* [Given data]:
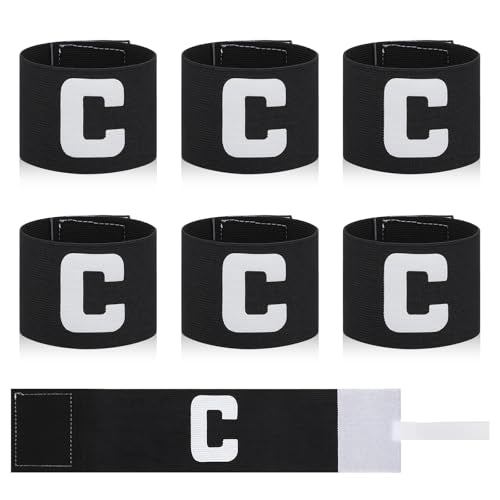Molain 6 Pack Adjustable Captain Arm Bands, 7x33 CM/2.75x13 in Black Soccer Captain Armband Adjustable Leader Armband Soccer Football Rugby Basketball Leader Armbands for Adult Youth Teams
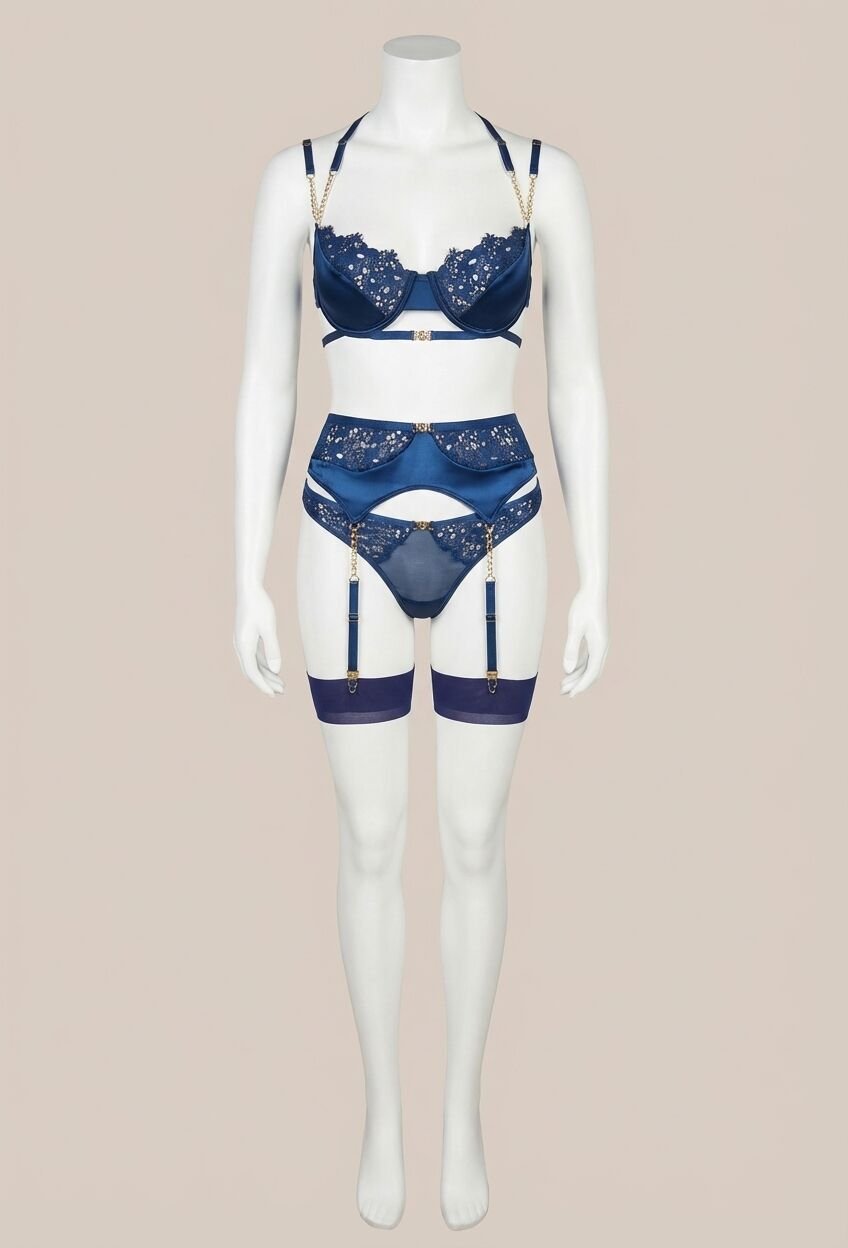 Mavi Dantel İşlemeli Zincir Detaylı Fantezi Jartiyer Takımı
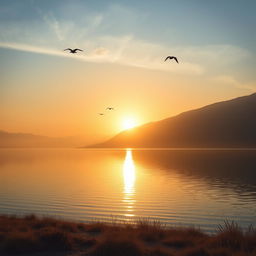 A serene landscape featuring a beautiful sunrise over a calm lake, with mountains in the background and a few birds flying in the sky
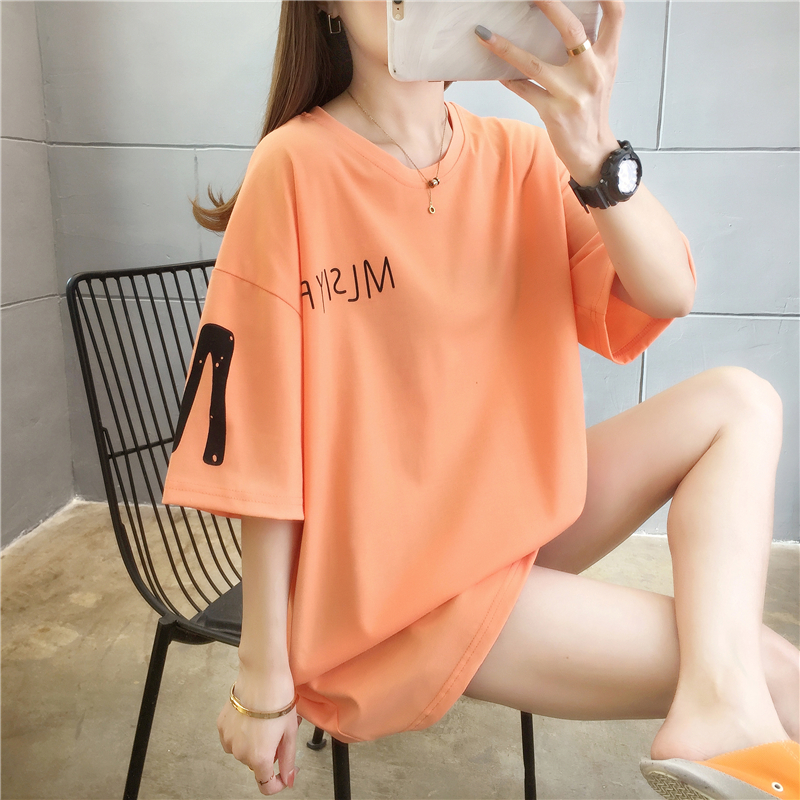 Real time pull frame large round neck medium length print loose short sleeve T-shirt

* [Activity]: Nothing but the pictures should be left out when the listing above is transcribed.

* [Completed task]:
Molain 6 Pack Adjustable Captain Arm Bands, 7x33 CM/2.75x13 in Black Soccer Captain Armband Adjustable Leader Armband Soccer Football Rugby Basketball Leader Armbands for Adult Youth Teams
 Mavi Dantel İşlemeli Zincir Detaylı Fantezi Jartiyer Takımı
 A serene landscape featuring a beautiful sunrise over a calm lake, with mountains in the background and a few birds flying in the sky
 Real time pull frame large round neck medium length print loose short sleeve T-shirt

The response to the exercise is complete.